*** Entries supplied ***

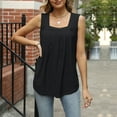 thumbnail image 2 of FAIWAD Summer Tank Tops for Women Sleeveless Mesh Squre Neck Pleated Front Vest Summer Casual Loose Tee Shirts, 2 of 4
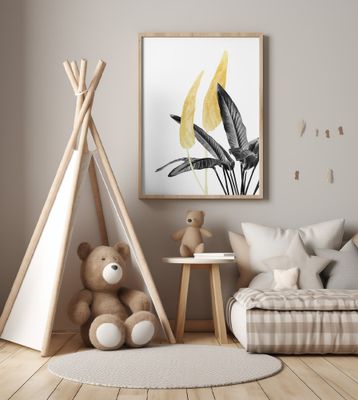 Bird of Paradise Plant Black, White and Gold 01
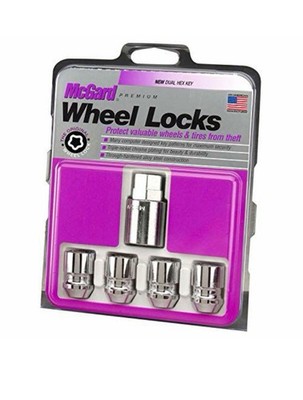 McGard 24157 Chrome Wheel Lock Set Cone Seat M12x1.5 Thread 13/16 Key Hex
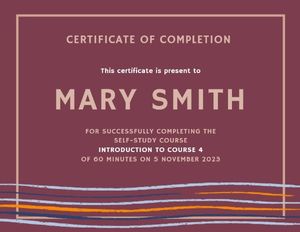 certificate of membership, membership, school, Self Study Courses Completion Certificate Template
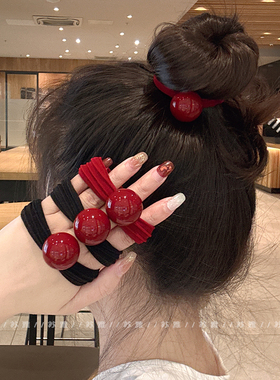 安可拉红发圈头饰发绳气质红色橡皮筋本命年高级感2025新年头绳女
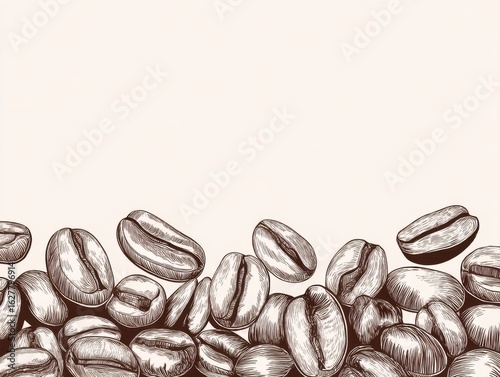 Coffee beans line art minimalist vector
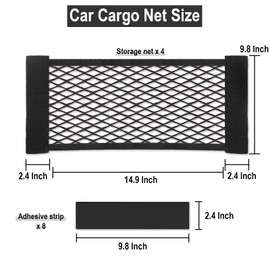 4 PCS Cargo Storage Net, Universal Mesh Cargo Net RV Net Wall Sticker Organizer, Elastic RV Cargo Storage Mesh Net, Small Automotive Cargo Net with Tape Stickers for RV, Car, Trunk (19.7 x 9.8 Inch)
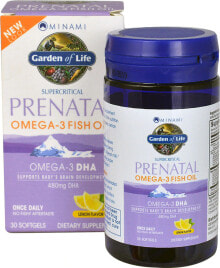Рыбий жир и Омега 3, 6, 9 garden of Life Minami Supercritical Prenatal Omega-3 Fish Oil Lemon Омега-3 рыбий жир для беременных  30 гелевых капсул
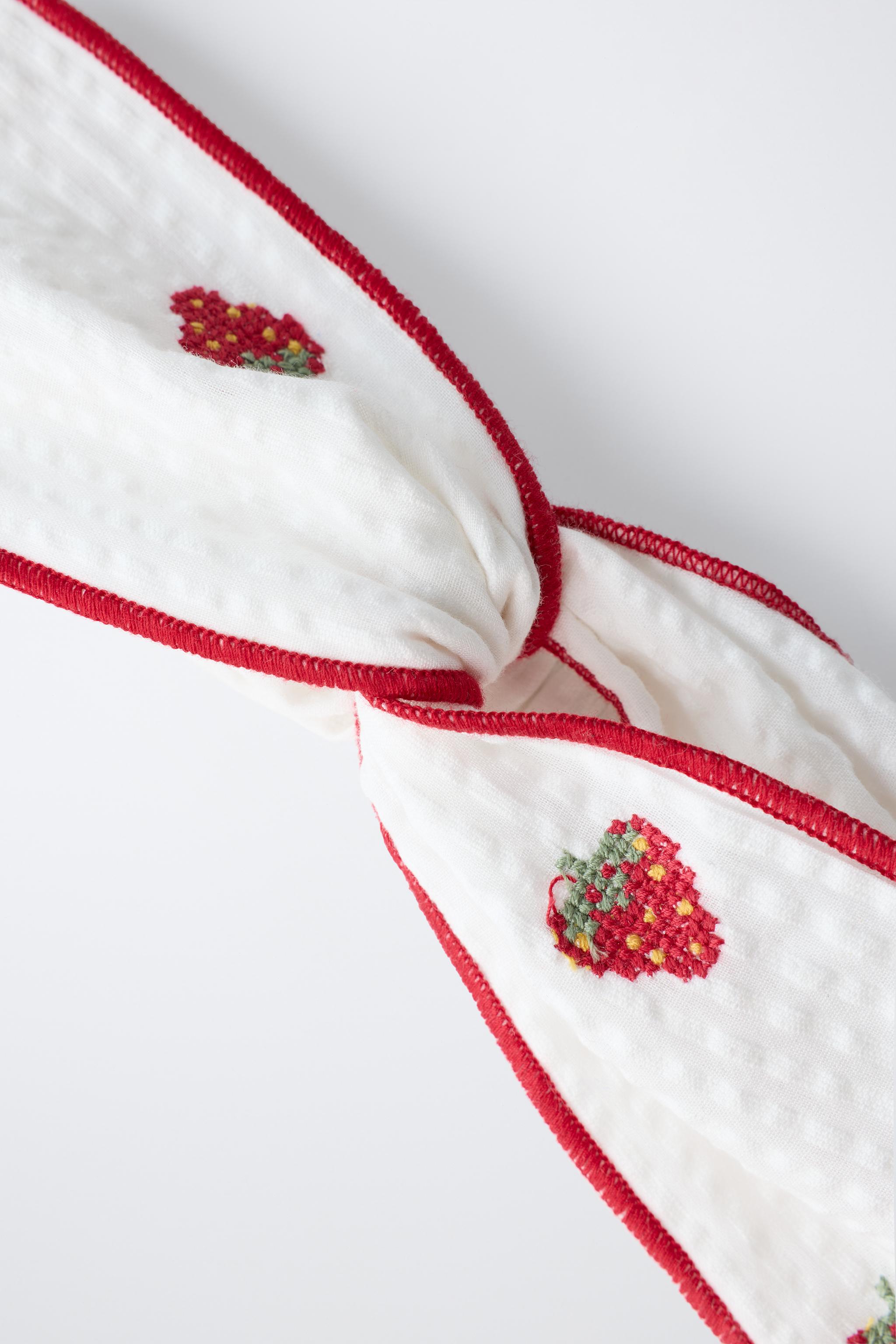 BANDEAU FRAISES BRODÉES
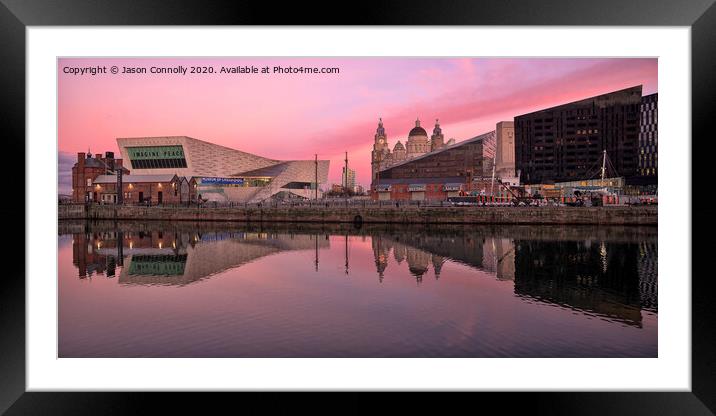 Liverpool Sunrise Reflections. Framed Mounted Print by Jason Connolly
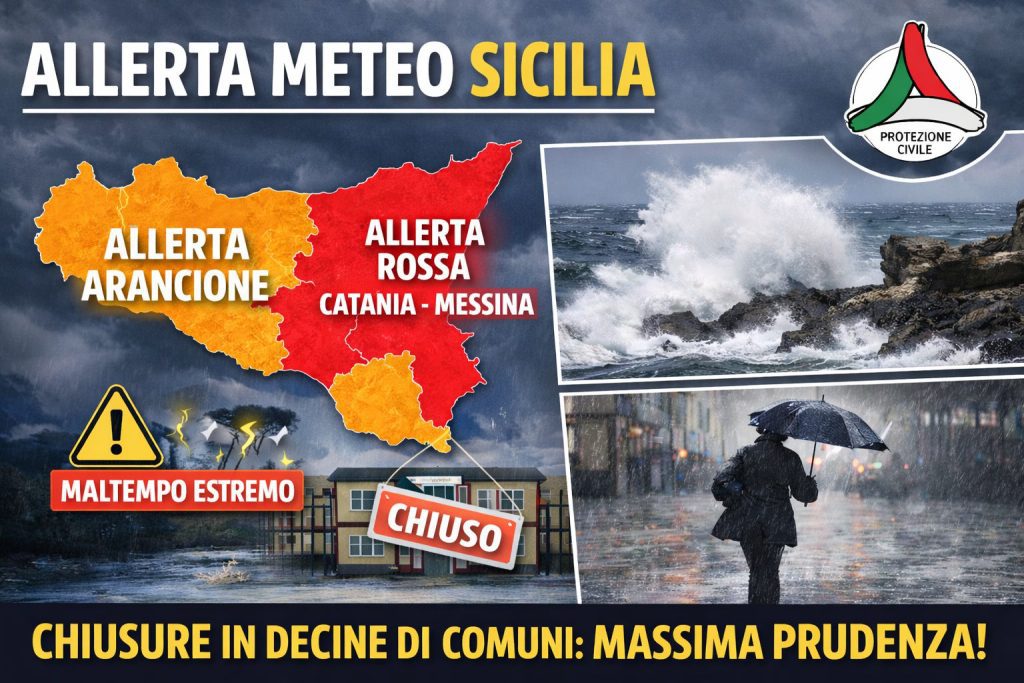 Maltempo, allerta rossa in Sicilia orientale: scuole chiuse in 30 comuni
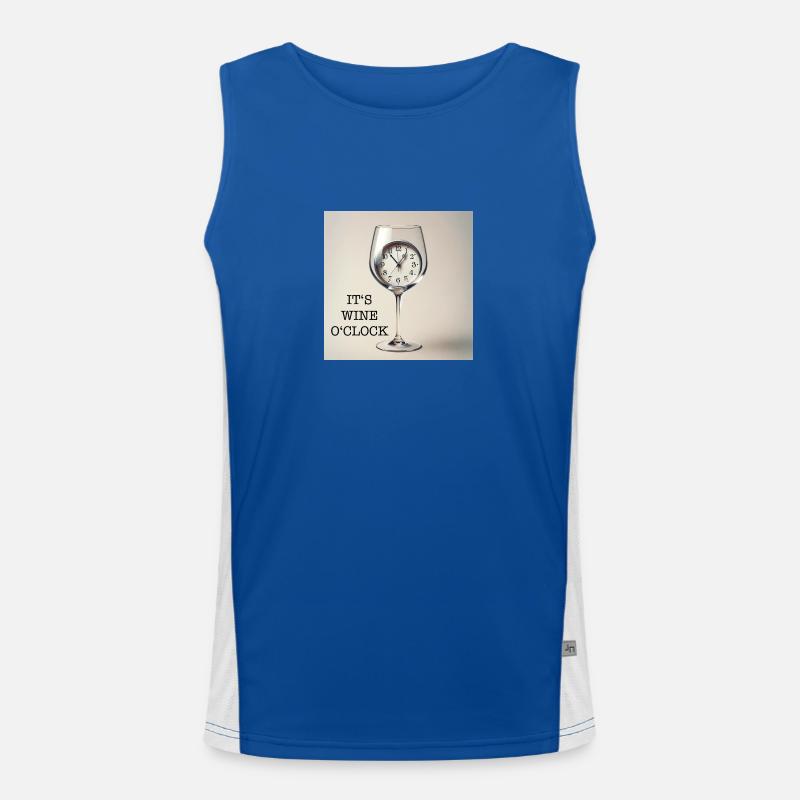 It‘s wine o‘clock - Trinkspruch Wein Funktionelles Kontrast-Tank Top für Männer 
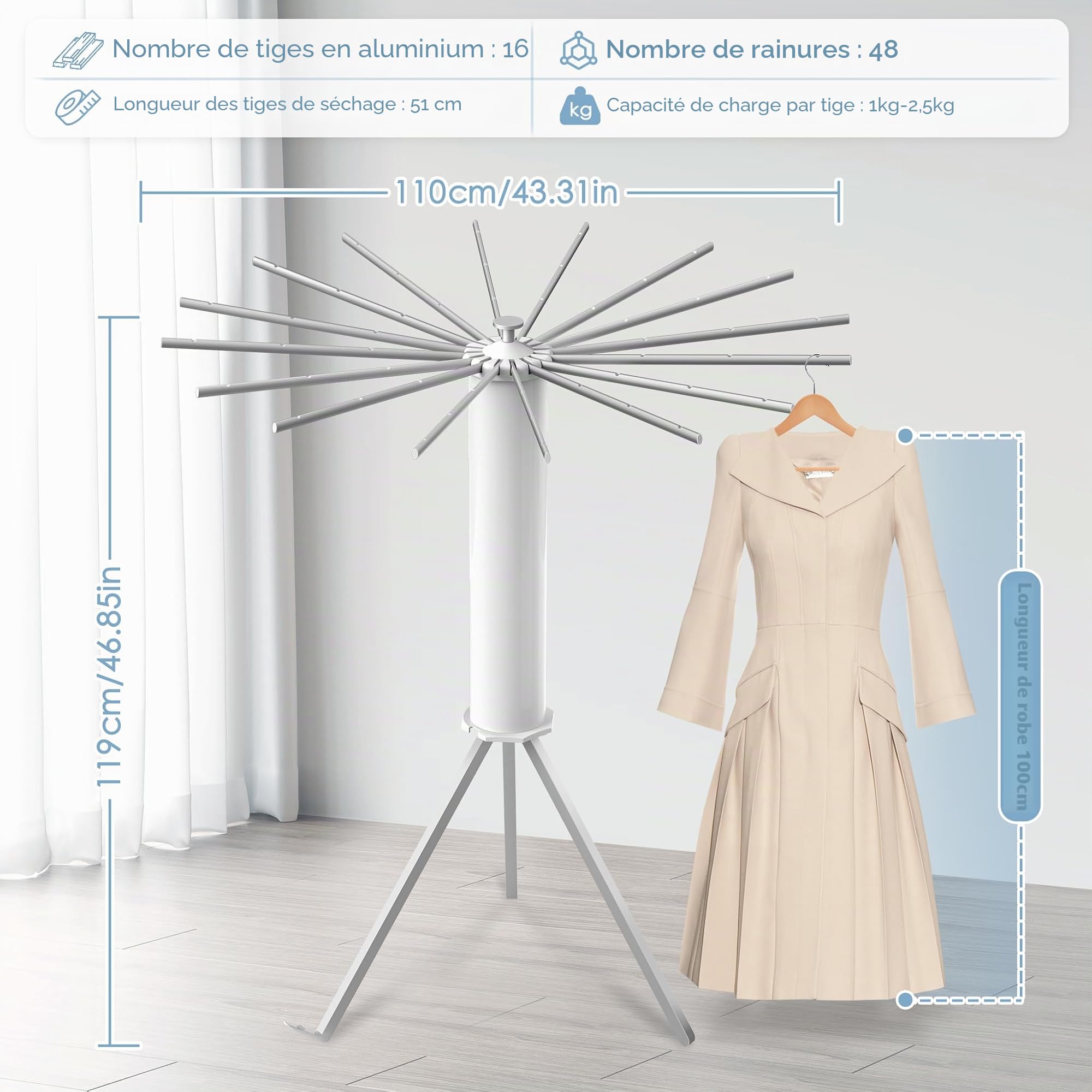 Froadp Séchoir à linge avec 16 barres de séchage en aluminium pliable - Portable - Octopus - Peu encombrant - Pour balcon, chambre à coucher, maison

***

#### [What the exercise asks]
Set down each record above exactly as it stands and leave out all pictures.

#### [Written answer]
 thumbnail image 2 of FAIWAD Summer Tank Tops for Women Sleeveless Mesh Squre Neck Pleated Front Vest Summer Casual Loose Tee Shirts, 2 of 4
 Bird of Paradise Plant Black, White and Gold 01
 McGard 24157 Chrome Wheel Lock Set Cone Seat M12x1.5 Thread 13/16 Key Hex
 certificate of membership, membership, school, Self Study Courses Completion Certificate Template
 安可拉红发圈头饰发绳气质红色橡皮筋本命年高级感2025新年头绳女
 Coffee beans line art minimalist vector
 4 PCS Cargo Storage Net, Universal Mesh Cargo Net RV Net Wall Sticker Organizer, Elastic RV Cargo Storage Mesh Net, Small Automotive Cargo Net with Tape Stickers for RV, Car, Trunk (19.7 x 9.8 Inch)
Рыбий жир и Омега 3, 6, 9 garden of Life Minami Supercritical Prenatal Omega-3 Fish Oil Lemon Омега-3 рыбий жир для беременных  30 гелевых капсул
 BANDEAU FRAISES BRODÉES
 Liverpool Sunrise Reflections. Framed Mounted Print by Jason Connolly
 Maltempo, allerta rossa in Sicilia orientale: scuole chiuse in 30 comuni
 It‘s wine o‘clock - Trinkspruch Wein Funktionelles Kontrast-Tank Top für Männer 
 Froadp Séchoir à linge avec 16 barres de séchage en aluminium pliable - Portable - Octopus - Peu encombrant - Pour balcon, chambre à coucher, maison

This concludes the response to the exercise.